American historian and educator Charles Austin Beard explored the aspects in works, such as An Economic Interpretation of the Constitution in 1913; self-interests of formulators based the document in his view, which profoundly affected the study.
Mary Ritter Beard shared economic view of history of Charles Austin Beard, her husband, and they collaborated on first volume in 1927 of The Rise of American Civilization, which characterized northern capitalists, who perpetrated the Civil War as the "second American Revolution" over southern plantation owners for gain.
shared her husband Charles's economic view of history and collaborated with him on The Rise of American Civilization (first volume 1927), in which they characterized the Civil War as the "second American Revolution," perpetrated by Northern capitalists over Southern plantation owners for economic gain
Charles Austin Beard with Frederick Jackson Turner most influenced of the first half of the 20th century. He published hundreds of monographs and textbooks in political science. He included a radical re-evaluation and thought of more than philosophical principles that motivated the Founding Fathers of the United States.

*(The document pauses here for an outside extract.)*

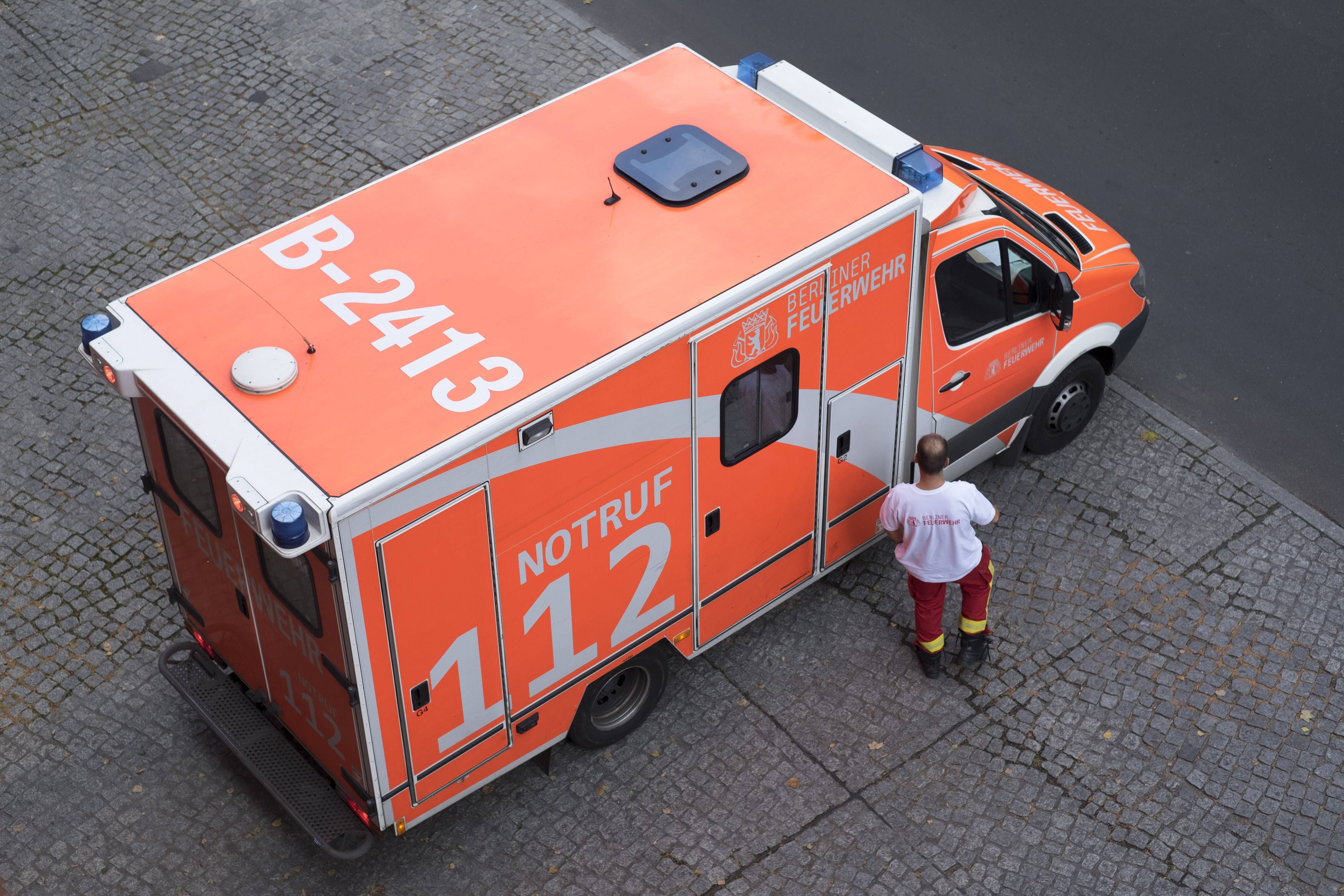 Rettungssanitäter bei Einsatz angegriffen und schwer verletzt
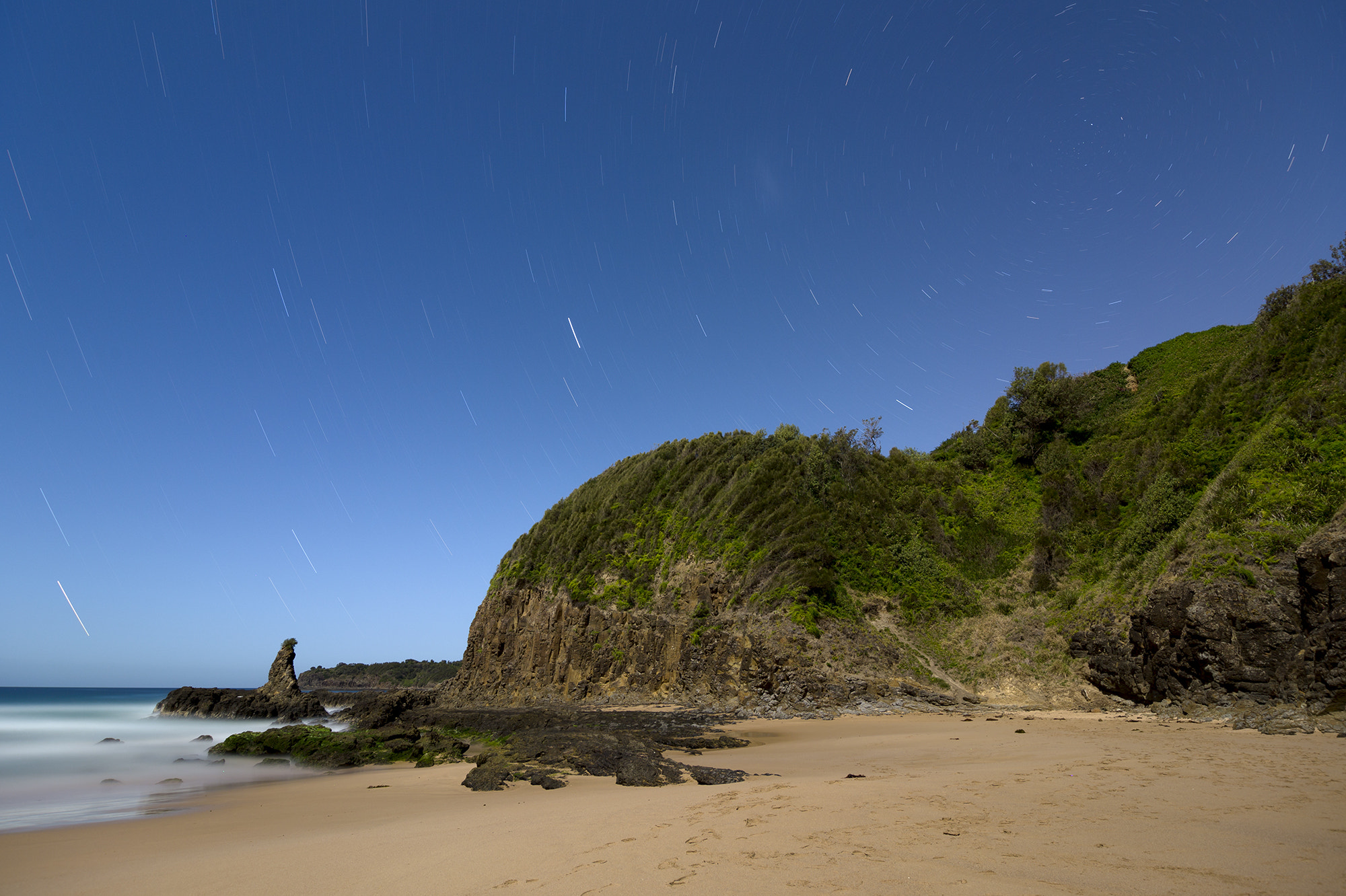 Tokina AT-X Pro 12-24mm F4 (IF) DX sample photo. 15 mins star trails photography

Charles Austin Beard with Mary Ritter Beard, his wife, wrote the wide-ranging and bestselling The Rise of American Civilization, most influential major book, in 1927.
Charles Beard was mentioned on The Writers Almanac on NPR on 11-27-2013. I am reading it and it is really making me mad. Contemporary is right! The first chapter is about how the blacks and poor whites were disenfranchised in the South after Reconstruction. It sound so much like the voter suppression of today. Next chapter is about the railroads and other industrialists who got millions of public assets for them selves. Including millions of acres of public land granted to them by their cronies in Congress. Again so much like right now.
This is an excellent book for getting a detailed and focused look at the political and economic activities of the late nineteenth and early twentieth century because it was written when these issues were still fresh in the minds of Americans.